A Theory About Exercise

I am not aware of any serious research on this idea, but I have noticed something that seems to hold true in my own personal experience...

Most of the benefits of exercise (weight loss, increased muscle mass, improved blood sugar control, increasing VO2 max, etc.) seem to be at their most pronounced levels when a person is undertaking something new. That is, when you first begin an exercise regimen, for the first, say, two or three weeks, one will notice major gains in muscle, major drops in body fat, major improvements in blood sugar, and so forth. But as that exercise regimen continues over 4, 5, 6 weeks, and beyond, the improvements become far less pronounced. In my personal observation, they even reverse in some cases.

To avoid losing out on all the progress I gain as I work out, I have taken to making major changes to my exercise regimen every two or three weeks.

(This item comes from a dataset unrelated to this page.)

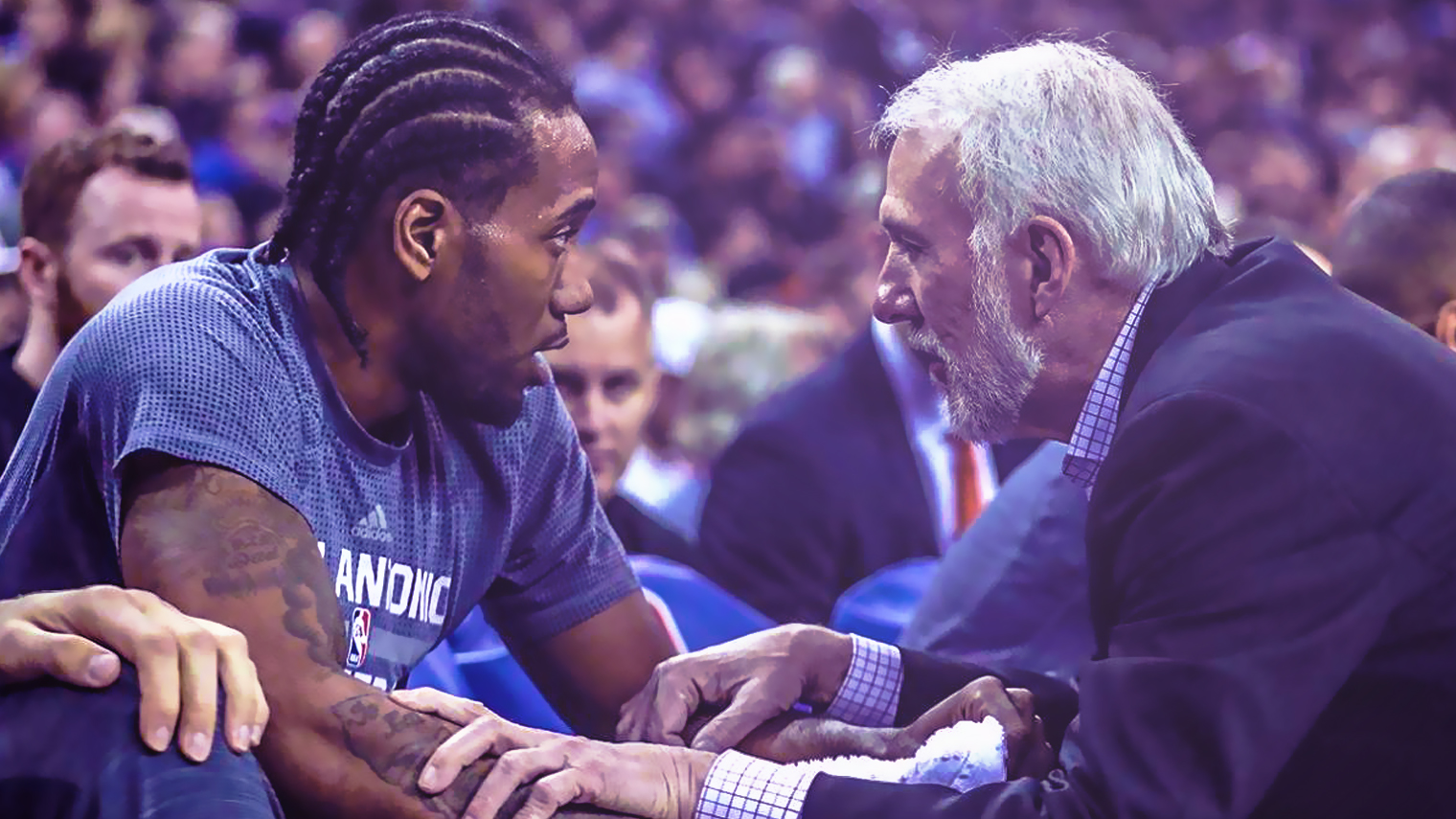 能显著降低 能显著降低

This might come in a variety of forms. For example, when I developed a case of tendonitis recently, I first switched to jump rope as my preferred cardiovascular exercise. When I reached the point of diminishing returns, though, I switched to a rowing machine and again started feeling good and healthy. Recently I reached the point of diminishing returns there, too, and so I've been focusing on interval workouts using an elliptical machine. Now I find I'm maxing out there, and my legs feel a lot better, so I am making plans to start running again.

For strength training, it's been the same way. I committed to making major changes to my weight lifting routine every week or two. The result is, at least so far, muscles that continue to get larger and better-toned, and stronger.

Of course, what I'm talking about here is basically the "muscle confusion" principle upon which P90X and other fitness programs are based. So there is at least a community of people out there who seem to have noticed the same thing I have.

But, I have no scientific evidence for this, and what evidence I have seen thus far looks more like marketing than exercise physiology. Perhaps I'll never know the answer to this question, but I can say at least this much: It seems to hold true for me.

What is your own experience with this phenomenon?